Question

Steam at 1 atm and 100C is flowing across a 5-cm-OD tube at a velocity of 6 m/s. Estimatethe Nusselt number, the heat transfer coefficient, and the rateof heat transfer per meterlength of pipe if the pipe is at 200C.

Answer 1

`Nu_(D) = 49.047`,
`h = 24.621\,(W)/(m^(2)\cdot ^(\textdegree)C)`,
`\dot Q \approx 381.091\,W`

Step-by-step explanation:

Let assume that steam has a fully developed and turbulent flow and that tube is smooth and thin-walled.
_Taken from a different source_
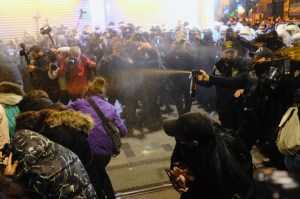 Police Tear-Gassed Women on End Violence Against Women Day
The steam is heated while flowing through the tube. The Nusselt number is given by the Dittus-Boelter equation:

`Nu_(D) = 0.023\cdot Re^(0.8)\cdot Pr^(0.4)`

Properties of steam at given pressure and temperature are:

`c_(p) = 2.010\,(kJ)/(kg\cdot ^(\textdegree)C)`

`k = 0.0251* 10^(-3)\,(kW)/(m\cdot ^(\textdegree)C)`

`\rho = 0.5978\,(kg)/(m^(3))`

`\mu = 1.227* 10^(-5)\,(kg)/(m\cdot s)`

The Reynolds and Prandtl numbers are, respectively:

`Re = (\rho\cdot v\cdot D)/(\mu)`

`Re = ((0.5978\,(kg)/(m^(3)) )\cdot (6\,(m)/(s) )\cdot (0.05\,m))/(1.227* 10^(-5)\,(kg)/(m\cdot s) )`

`Re = 14616.136` (which demonstrates the reasonability of the supposition of turbulent flow)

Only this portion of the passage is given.